Term Assurance


The word Assurance usually implies that the Insurance cover is being taken out to cover an eventuality, rather than in case of something unexpected happening. Term Assurance is different however, as the Assurance of a payout upon the policyholder's death is only guaranteed within a certain period of time. Therefore, Term Assurance is more commonly known as Life Insurance. The cost of a Term Assurance policy will depend on a number of factors, including your age, your gender, your lifestyle and the state of your health. This is because the insurance company needs to establish the risk of you dying before the term of the policy is over, and therefore the likelihood of a payout.

When you are planning to take out a Term Assurance policy, you will be asked by the insurer to specify the length of time during which you would like to be covered (the 'term'), say 10, 20 or 30 years. Unlike other types of Life Insurance, a Term Assurance policy does not build up any value, despite your regular premium payments. This means that although you would receive a payout in the event of your death if it happens within the time limits of the policy, you would receive nothing if you died after this time. If you would like to talk to an experienced insurance adviser about whether Term Assurance is the right way to protect your dependents from financial hardship in the event of your death, please complete the short form on the next page.

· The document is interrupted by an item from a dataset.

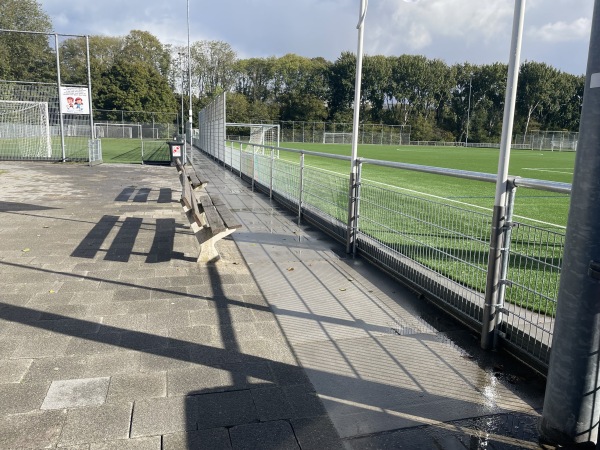 Sportpark Zwaluwenlaan veld 2 - Vlaardingen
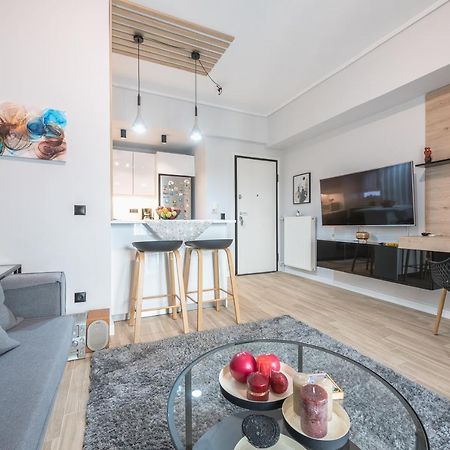 Comfy And Modern Apartment 雅典 外观 照片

Important Tips for Buying Life Insurance


  • Life 'Insurance' is different from Life 'Assurance' because it is not a certainty.  You would insure yourself against something unexpected happening, but would take out Assurance to minimise your financial exposure to something inevitable.

  • If you take out any type of 'Term' insurance product, this means that you are choosing a set period of time when your cover will be active.  Beyond this period, your cover is no longer valid.

  • The policy will be cheaper the less 'risky' you are to an insurer.  If you smoke, are in poor health or enjoy high-risk sports, statistically you are more likely to die, and therefore the cost of your premium will be higher.

  • Joint policies for couples should be approached with a certain amount of caution.  The average joint policy pays out only after the first person dies, but for a relatively small amount more you could get separate policies with two payouts, which would have a greater benefit for your family (especially when you consider the expense of inheritance tax).